> _BRIEF_:
Please reproduce the lines of the records below from the one holding "icons icons icons" through the one holding "Black jacket, full body view", inclusive, skipping all pictures.

> _DATA EXTRACTS_:

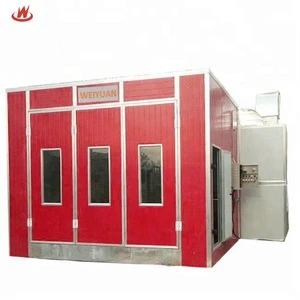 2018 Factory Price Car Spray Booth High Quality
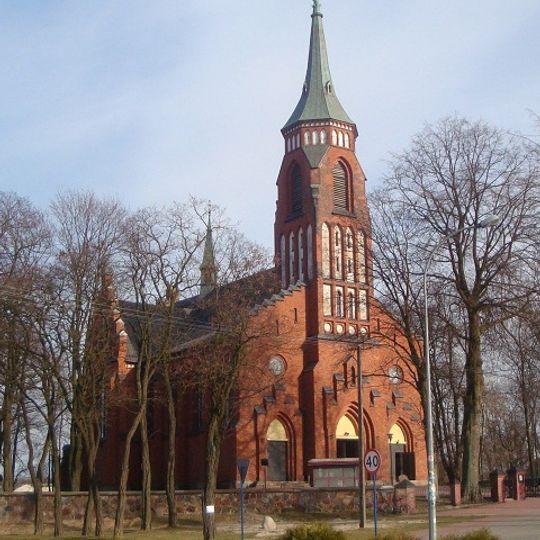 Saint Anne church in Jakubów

...

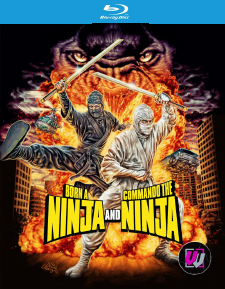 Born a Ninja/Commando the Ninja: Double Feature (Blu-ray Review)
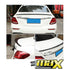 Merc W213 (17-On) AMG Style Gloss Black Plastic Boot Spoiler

* * *

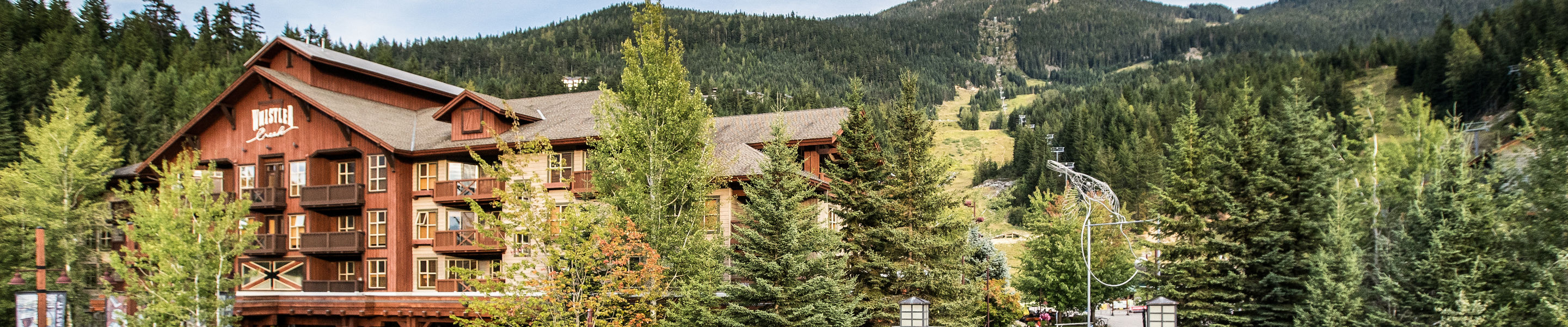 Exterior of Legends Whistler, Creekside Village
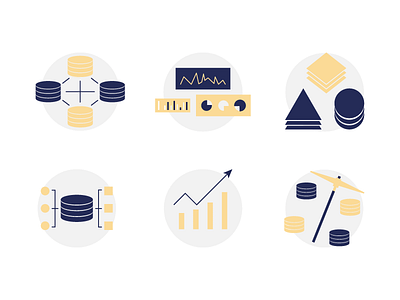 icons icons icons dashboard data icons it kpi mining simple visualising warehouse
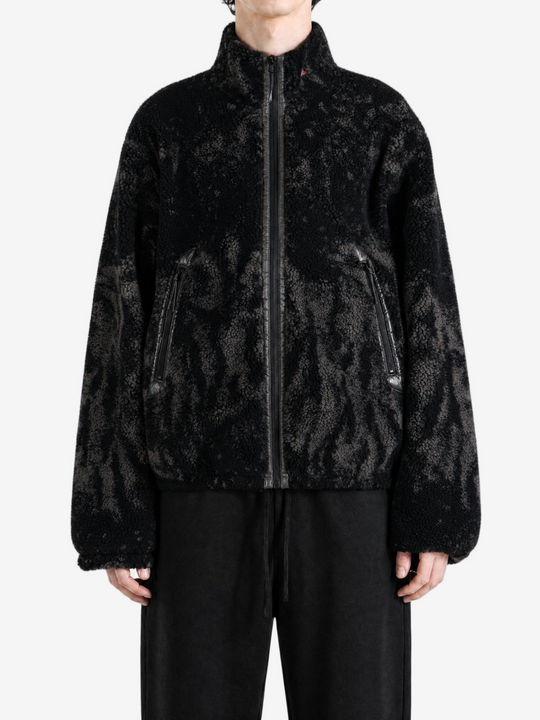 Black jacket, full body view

> _ANSWER BOX_:
 icons icons icons dashboard data icons it kpi mining simple visualising warehouse
 Black jacket, full body view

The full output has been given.